HOW TO COMPLETE THIS TASK
Repeat the data that follows in full. Do not include the pictures.
BEGIN RAW DATA
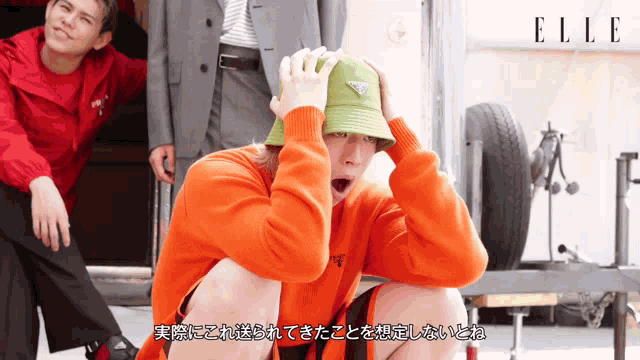 a man wearing an orange sweater and a green hat with prada written on it
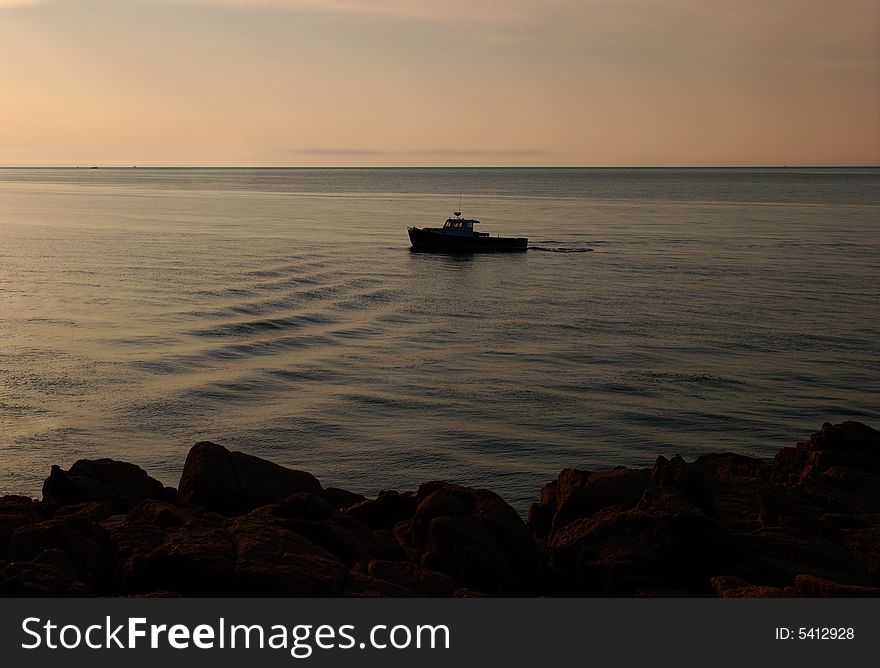 Lobster boat heading out at sunrise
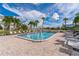 Community pool area with lounge chairs on a brick deck with palm trees on a bright day with blue skies at 7560 Bay Island S Dr # 144, South Pasadena, FL 33707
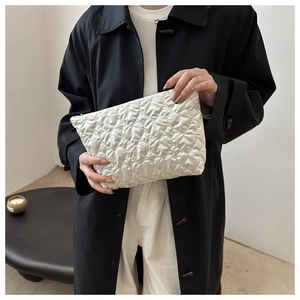 Detailed view of white quilted clutch bag with diamond lattice pattern held by model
END RAW DATA
OUTPUT FOR THIS EXERCISE
 a man wearing an orange sweater and a green hat with prada written on it
 Lobster boat heading out at sunrise
 Community pool area with lounge chairs on a brick deck with palm trees on a bright day with blue skies at 7560 Bay Island S Dr # 144, South Pasadena, FL 33707
 Detailed view of white quilted clutch bag with diamond lattice pattern held by model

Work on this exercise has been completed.